D’emblée, on a pu noter l’extrême énergie avec laquelle Abbado attaque « Egmont », une pièce qu’il exécute fréquemment: on est surpris par les contrastes, les forte très sonores, les ruptures de ton, l’extrême rapidité de la seconde partie. On sent qu’il est particulièrement en forme et c’est tant mieux.
Cette énergie, on l’a sentie autrement bridée lors de l’exécution du concerto pour piano, pièce particulièrement connue du public dont on note immédiatement le tempo très ralenti, imposé par Radu Lupu, dans un de ses fréquents soirs de placidité extrême, au point qu’on a l’impression que l’orchestre a envie de bondir – et il le fait dans les parties où il est seul- et qu’il est retenu, bridé, et même fortement bousculé par le tempo sénatorial adopté par le soliste. Radu Lupu joue de manière très lente, très douce, avec une énergie limitée quand l’orchestre piaffe, mais aussi avec un bon nombre de fausses notes, ce qui est quand même un peu gênant: il en résulte, outre des sourires et des regards dubitatifs de Claudio Abbado aux musiciens et au soliste, des moments où l’on ne joue pas tout à fait ensemble, où on perd un peu le fil, où l’orchestre est visiblement désarçonné. Il faut tout l’art d’Abbado pour atténuer ces moments, mais le concerto est loin très loin d’être inoubliable.
En bis Radu Lupu donne la fameuse « Rêverie » de Schumann, dont les notes finales sont ratées, mais dont le rythme ralenti convient bien à un Radu Lupu qui avait avalé un peu de bromure en trop ce soir-là.

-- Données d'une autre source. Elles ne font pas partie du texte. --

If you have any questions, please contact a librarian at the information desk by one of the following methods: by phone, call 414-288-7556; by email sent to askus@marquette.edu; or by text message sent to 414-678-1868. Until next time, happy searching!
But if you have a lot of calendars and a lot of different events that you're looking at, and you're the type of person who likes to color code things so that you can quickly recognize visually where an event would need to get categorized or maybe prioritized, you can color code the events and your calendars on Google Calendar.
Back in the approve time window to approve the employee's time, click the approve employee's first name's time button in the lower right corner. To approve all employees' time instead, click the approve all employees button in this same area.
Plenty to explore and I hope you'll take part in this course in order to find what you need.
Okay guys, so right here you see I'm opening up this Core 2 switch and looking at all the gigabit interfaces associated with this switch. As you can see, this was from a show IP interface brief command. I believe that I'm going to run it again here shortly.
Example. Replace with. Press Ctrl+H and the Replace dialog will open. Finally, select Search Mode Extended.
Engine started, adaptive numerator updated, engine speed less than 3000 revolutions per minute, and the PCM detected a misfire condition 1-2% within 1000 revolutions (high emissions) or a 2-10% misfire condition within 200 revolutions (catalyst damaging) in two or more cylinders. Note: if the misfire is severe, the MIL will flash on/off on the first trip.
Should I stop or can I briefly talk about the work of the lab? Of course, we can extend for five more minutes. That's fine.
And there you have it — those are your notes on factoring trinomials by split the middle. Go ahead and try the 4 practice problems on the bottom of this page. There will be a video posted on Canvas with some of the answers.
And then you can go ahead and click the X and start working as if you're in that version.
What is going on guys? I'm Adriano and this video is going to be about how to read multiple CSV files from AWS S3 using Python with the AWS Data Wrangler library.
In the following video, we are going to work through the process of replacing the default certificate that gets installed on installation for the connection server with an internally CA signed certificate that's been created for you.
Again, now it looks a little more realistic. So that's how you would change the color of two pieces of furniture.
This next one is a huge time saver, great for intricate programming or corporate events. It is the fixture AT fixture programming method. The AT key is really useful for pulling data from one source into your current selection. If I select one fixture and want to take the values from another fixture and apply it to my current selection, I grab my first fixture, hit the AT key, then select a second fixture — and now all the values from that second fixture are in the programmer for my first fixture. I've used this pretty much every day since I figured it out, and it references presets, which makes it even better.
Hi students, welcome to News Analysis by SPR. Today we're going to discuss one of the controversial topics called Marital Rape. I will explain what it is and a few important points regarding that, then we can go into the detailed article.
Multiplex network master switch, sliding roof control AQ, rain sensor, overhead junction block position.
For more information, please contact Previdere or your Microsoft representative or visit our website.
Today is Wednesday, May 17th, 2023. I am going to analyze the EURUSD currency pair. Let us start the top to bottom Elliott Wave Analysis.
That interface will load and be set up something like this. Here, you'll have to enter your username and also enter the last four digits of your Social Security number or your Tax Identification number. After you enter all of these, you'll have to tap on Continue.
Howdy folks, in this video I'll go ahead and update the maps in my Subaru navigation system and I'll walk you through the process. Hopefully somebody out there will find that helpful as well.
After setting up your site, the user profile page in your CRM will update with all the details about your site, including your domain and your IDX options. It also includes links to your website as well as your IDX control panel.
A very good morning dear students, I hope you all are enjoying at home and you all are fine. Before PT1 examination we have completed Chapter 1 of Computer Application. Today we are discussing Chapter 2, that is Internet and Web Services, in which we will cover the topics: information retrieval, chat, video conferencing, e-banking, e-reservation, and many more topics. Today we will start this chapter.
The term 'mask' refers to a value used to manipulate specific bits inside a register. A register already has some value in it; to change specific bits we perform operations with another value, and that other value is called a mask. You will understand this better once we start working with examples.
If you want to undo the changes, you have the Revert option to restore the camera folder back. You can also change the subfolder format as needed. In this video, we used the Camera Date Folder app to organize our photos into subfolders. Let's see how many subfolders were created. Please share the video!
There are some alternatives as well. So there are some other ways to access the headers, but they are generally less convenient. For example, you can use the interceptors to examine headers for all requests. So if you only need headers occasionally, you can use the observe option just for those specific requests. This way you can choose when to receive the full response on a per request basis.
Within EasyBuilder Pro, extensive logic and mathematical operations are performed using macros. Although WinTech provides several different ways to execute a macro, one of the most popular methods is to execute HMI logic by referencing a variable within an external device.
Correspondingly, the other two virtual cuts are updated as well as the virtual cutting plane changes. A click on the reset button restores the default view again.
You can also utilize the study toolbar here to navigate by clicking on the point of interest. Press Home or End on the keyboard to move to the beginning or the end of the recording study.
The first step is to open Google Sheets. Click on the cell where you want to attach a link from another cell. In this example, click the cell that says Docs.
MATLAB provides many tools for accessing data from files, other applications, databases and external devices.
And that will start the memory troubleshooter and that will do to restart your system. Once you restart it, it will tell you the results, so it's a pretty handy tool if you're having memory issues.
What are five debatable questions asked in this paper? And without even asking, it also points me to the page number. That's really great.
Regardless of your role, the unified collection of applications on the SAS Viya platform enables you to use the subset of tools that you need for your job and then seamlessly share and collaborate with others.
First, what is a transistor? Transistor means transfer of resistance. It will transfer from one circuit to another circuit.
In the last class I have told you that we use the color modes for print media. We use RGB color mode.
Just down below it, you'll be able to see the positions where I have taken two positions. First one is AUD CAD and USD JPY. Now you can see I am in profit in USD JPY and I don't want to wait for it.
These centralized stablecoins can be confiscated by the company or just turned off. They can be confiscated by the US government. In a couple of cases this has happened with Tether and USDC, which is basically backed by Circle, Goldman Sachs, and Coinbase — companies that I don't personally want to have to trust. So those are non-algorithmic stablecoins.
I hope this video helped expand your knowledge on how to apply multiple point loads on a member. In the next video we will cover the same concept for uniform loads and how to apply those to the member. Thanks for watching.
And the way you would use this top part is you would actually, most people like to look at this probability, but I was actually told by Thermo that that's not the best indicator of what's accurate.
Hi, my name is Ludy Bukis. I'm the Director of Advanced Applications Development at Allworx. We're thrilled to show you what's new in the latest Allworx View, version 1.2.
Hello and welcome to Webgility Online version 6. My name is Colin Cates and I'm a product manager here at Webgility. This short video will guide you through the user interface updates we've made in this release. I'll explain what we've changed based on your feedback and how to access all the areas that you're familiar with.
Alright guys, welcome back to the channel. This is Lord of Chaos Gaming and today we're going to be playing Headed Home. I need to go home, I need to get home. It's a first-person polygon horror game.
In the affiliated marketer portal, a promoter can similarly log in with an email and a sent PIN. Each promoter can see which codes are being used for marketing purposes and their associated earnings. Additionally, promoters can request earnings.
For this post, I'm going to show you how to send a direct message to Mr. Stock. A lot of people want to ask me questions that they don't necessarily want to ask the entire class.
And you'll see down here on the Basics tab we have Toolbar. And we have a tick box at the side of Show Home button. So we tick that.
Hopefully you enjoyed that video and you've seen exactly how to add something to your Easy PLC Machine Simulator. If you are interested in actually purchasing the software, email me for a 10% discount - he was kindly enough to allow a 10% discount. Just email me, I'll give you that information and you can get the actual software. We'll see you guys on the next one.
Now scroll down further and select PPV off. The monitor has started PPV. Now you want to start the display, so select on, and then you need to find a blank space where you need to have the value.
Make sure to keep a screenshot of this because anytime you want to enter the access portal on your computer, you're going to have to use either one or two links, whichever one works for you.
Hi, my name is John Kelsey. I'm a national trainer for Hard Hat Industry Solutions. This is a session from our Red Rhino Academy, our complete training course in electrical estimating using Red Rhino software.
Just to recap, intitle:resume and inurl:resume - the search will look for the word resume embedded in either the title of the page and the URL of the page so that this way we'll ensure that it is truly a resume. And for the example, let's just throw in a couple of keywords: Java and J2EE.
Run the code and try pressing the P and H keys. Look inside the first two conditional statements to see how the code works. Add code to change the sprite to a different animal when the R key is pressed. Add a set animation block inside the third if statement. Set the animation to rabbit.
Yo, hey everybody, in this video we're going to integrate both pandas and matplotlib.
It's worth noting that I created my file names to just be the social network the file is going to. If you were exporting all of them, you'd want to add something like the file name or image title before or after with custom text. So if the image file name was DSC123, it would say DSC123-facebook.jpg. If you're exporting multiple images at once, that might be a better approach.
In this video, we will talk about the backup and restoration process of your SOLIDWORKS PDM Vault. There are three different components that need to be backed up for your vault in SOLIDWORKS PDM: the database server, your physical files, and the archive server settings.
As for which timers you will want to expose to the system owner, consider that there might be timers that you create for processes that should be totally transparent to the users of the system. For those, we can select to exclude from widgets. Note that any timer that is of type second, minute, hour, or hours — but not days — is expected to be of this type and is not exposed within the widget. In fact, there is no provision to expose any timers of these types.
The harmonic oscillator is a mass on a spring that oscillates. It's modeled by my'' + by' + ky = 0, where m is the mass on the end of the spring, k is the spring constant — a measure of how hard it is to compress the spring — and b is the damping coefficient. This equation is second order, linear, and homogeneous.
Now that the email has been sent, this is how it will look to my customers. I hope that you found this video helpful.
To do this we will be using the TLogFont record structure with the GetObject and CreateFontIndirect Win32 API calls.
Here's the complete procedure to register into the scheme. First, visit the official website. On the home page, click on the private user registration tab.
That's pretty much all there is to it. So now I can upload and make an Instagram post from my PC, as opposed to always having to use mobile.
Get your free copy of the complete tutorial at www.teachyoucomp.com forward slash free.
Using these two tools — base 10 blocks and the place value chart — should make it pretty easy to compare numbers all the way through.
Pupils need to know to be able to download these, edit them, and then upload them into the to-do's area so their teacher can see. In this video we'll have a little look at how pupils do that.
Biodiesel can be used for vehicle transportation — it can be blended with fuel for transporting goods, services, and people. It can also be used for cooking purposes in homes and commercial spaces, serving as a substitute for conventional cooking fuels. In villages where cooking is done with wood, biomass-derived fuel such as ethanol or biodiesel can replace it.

On attend alors la Symphonie où Abbado va sans doute s’en donner à cœur joie. C’est en effet le cas, avec une autre surprise: trois dates, trois fois la même Symphonie, trois regards et trois points de vue différents alors que le même homme dirige. Plus rien à voir avec la fluidité berlinoise, l’énergie certes, mais sans aspérité, apaisée, avec un son velouté qui nous a fait mourir de plaisir. Ah! le son des berlinois!
Alors bien sûr, on accuse un peu la différence, mais Abbado propose à son même orchestre une vision très différente que celle un peu triste de Lucerne, ici, des moments rugueux (il est vrai que certains pupitres y encouragent, cuivre, clarinette), de l’énergie brutale, une insistance sur les forte, sur les contrastes, un peu comme dans Egmont, mais de manière plus accusée encore avec un espace entre le geste toujours fluide du chef, et le résultat si fortement marqué par énergie, violence, explosion sonore. Il y a là une vision nette des « orages désirés » romantiques, oui: « Levez-vous vite, orages désirés » (Chateaubriand), voilà ce que nous dit l’orchestre, malgré les volutes d’un magnifique troisième mouvement, tout en retenue, tout en noblesse, mouvement lent jamais vraiment triste. En opposition, les différents moments du dernier mouvement sont fortement scandés, l’optimisme, la foi en l’avenir, l’énergie se lisent et sont communicatives. Il y a là de grands moments, qui rendent le chef grandiose, engagé, plongé dans les délices du son: on le voit à son visage, qui suit chaque inflexion de l’orchestre, qui reste aussi très attentif à ce que les sons s’écoutent et se répondent, pour atteindre ce « Zusammenmusizieren »[ faire de la musique ensemble ] qui est son credo! Et l’orchestre le suit presque aveuglément, chaque geste, chaque regard est signifiant et provoque une réaction immédiate et des regards satisfaits pendant les saluts.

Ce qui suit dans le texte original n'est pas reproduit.